*Por Miguel Ángel Russo, Psiquiatra Deportivo y ex presidente del club Atenas
Por un momento, dejemos de lado las versiones, las especulaciones y todo aquello que rodeó la final. Centremos la atención únicamente en la Selección Argentina. En las imágenes. En los gestos. En la actitud.
Vale la pena detenerse a mirar las fotos, revisar las secuencias del partido, comparar lo ocurrido en la semifinal con lo que se vio en la final. Allí aparece un contraste que, al menos desde mi mirada, resulta imposible de ignorar.

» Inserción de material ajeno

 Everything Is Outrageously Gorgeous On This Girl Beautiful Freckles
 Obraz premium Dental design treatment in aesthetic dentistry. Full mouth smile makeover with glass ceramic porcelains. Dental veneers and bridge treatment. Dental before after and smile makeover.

¿Dónde quedó la intensidad que había acompañado al equipo durante toda la Copa del Mundo? ¿Qué pasó con esa pasión, esa concentración y esa entrega que hicieron de la Selección un grupo capaz de emocionar a millones de argentinos?

Durante todo el torneo se vio un equipo convencido, competitivo y emocionalmente conectado con cada partido. En la final, en cambio, la sensación fue otra. La imagen que dejaron muchos de sus protagonistas fue la de un equipo contenido, incómodo, confundido. Como si hubiera una preocupación que trascendiera lo estrictamente futbolístico.
Hay señales que no necesitan palabras. En ocasiones, la comunicación más fuerte es la que se expresa a través de los gestos, las miradas y las posturas. Y eso, precisamente, es lo que invitan a observar las imágenes de aquella jornada.
Uno de los momentos más llamativos fue la ceremonia de premiación. Más allá de cualquier discusión sobre protocolos o gestos de humildad, la decisión de dar la espalda a los campeones, la formación ordenada, casi inmóvil, y la ausencia de las celebraciones habituales transmitieron, al menos para quien escribe, un mensaje distinto. Como si se buscara dejar constancia de que aquello no era un cierre normal. Como un grito silencioso.
No es la primera vez que el silencio parece decir más que las declaraciones públicas. Y quizás por eso las comparaciones con otros episodios similares aparecen de manera inevitable.

La diferencia con la semifinal también resulta significativa. Antes de aquel partido se percibía un grupo enfocado, intenso y emocionalmente involucrado. En la final, esa energía parecía haberse apagado. No se trata de analizar el rendimiento futbolístico, sino de observar la expresión corporal de los jugadores y del cuerpo técnico.
Por supuesto, las razones de esa actitud solo las conocen quienes estuvieron allí. Desde afuera, cualquier explicación es necesariamente una interpretación.
Sin embargo, si hubiera que buscar una hipótesis capaz de dar sentido al conjunto de esas imágenes, mi impresión es que la actuación del equipo solo puede entenderse suponiendo la existencia de un evento extrafutbolístico de fuerte impacto emocional. Un hecho que, cualquiera haya sido su naturaleza, condicionó el estado anímico del plantel y del cuerpo técnico, sin que existiera la posibilidad de expresarlo públicamente.
Tal vez esa interpretación sea equivocada. Pero resulta difícil creer que todo lo visto durante el recorrido del Mundial y todo lo observado en la final sean simplemente una coincidencia. Las imágenes, muchas veces, también cuentan una historia. Y en este caso, para quien quiera mirar con atención, parecieran decir bastante más de lo que se escuchó.